As described in the stock exchange announcement of DOF on 13 October 2022, the Restructuring will upon completion of the agreement with the financial creditors be implemented as planned for this scenario and such alternative implementation of the Restructuring has been structured to avoid any interruption to the ongoing operations of the Group and to avoid losses for the Group's customers, suppliers and other trade creditors. Consequently, no other creditors than the financial creditors, nor any of the employees of the Group, are to be affected by such alternative implementation of the Restructuring.
The implementation of the Restructuring with DOF Services AS as the new parent company of the Group is subject to approval by the bondholders’ meetings in each of DOF Subsea AS' bond loans, DOFSUB07, DOFSUB08 and DOFSUB09. If the bondholders' meetings do not give their approval, the new parent company will instead be a new Norwegian holding company to be incorporated by the financial creditors. Consequently, the matter to be considered by the bondholders will only comprise the identity of the new parent company in the group. The new holding company of the group will be applied for listing on Oslo Børs in due course.
As communicated in the stock exchange announcement on 27 January 2023, the new Board of DOF has, in addition to seeking alternative solutions to the Restructuring, assessed the solvency of DOF ASA in a bankruptcy scenario. The Board has in this respect obtained and assessed independent valuations of the Group's vessels. The shipbrokers Fearnleys and Clarkson have assessed the value of the Group's vessels. The advisory firm Deloitte has reviewed these and assessed them against the company's debt, other liabilities and available liquid assets in an insolvency liquidation analysis (i.e. a bankruptcy scenario). Deloitte has also assessed the value of the Group's other activities, including the shares in DOFCON and the engineering services, also in an insolvency liquidation analysis. The final report from Deloitte has now been obtained and the Board has on this basis concluded that, even though there is likely positive value in DOF ASA in a going concern scenario, there is no basis to contest that DOF ASA will be insolvent in event of a bankruptcy.
Upon a bankruptcy in DOF ASA, the share capital of the Company will be lost and there will not be any value left to the shareholders. The Board highly regrets this result. However, although the bankruptcy will result in shareholder losses, the process that will follow is structured to avoid any interruption to the ongoing operations of the Group and to avoid losses for the Group's customers, suppliers and other trade creditors.

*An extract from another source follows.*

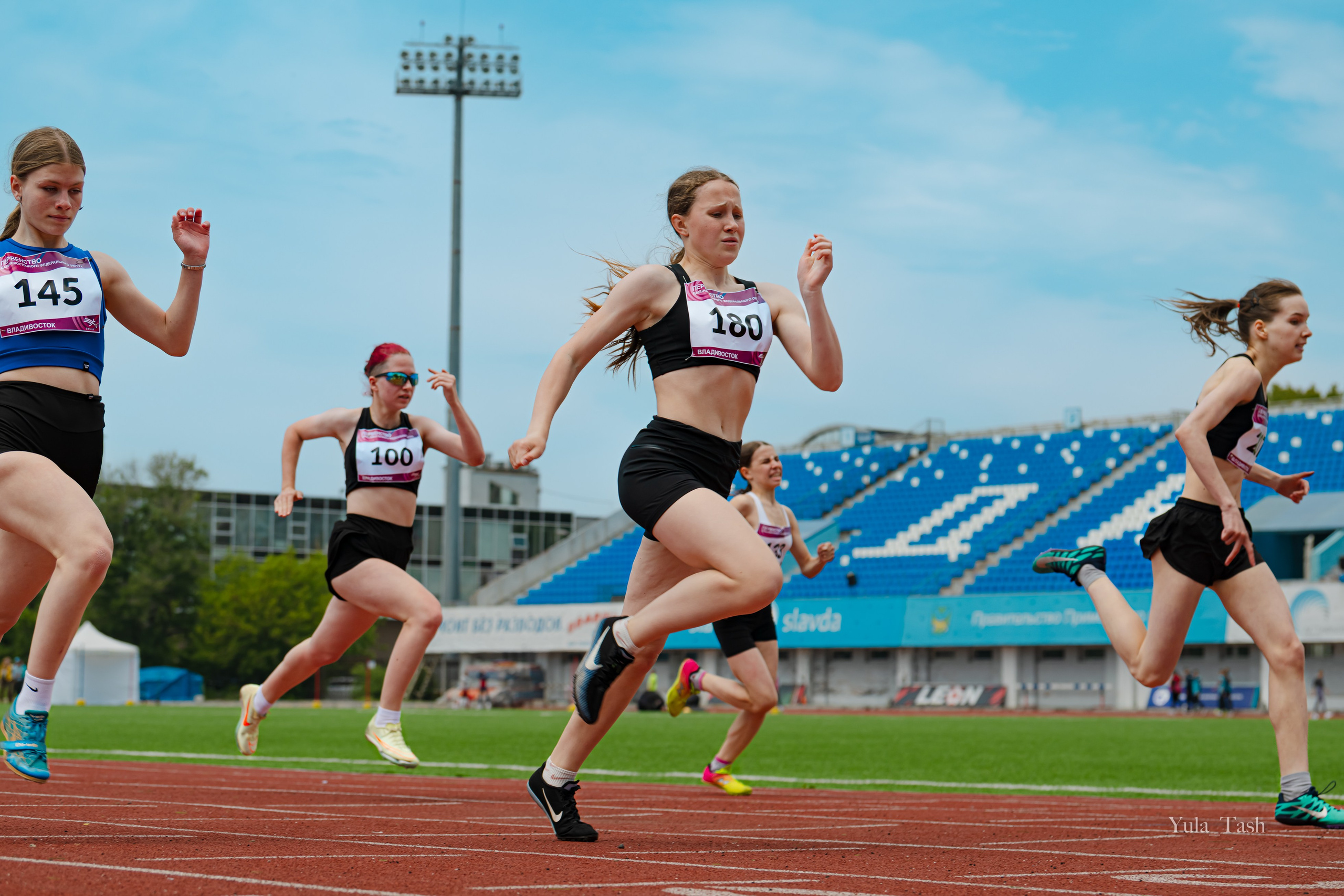 ЧЕМПИОНАТ И ПЕРВЕНСТВО ДФО ПО ЛЕГКОЙ АТЛЕТИКЕ. ЛЕТО 2025. Любимый фотограф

For further information, please contact:
Chairman DOF ASA: Leif Chr. Salomonsen, tel: 992 42 888
CEO Mons Aase, tel. +47 91 66 10 12
CFO DOF ASA Hilde Drønen, tel. +47 91 66 10 09
This information is considered to be inside information pursuant to the EU Market Abuse Regulation, and is subject to the disclosure requirements pursuant to Section 5-12 of the Norwegian Securities Trading Act. The stock exchange announcement was published by Hilde Drønen, CFO, DOF ASA.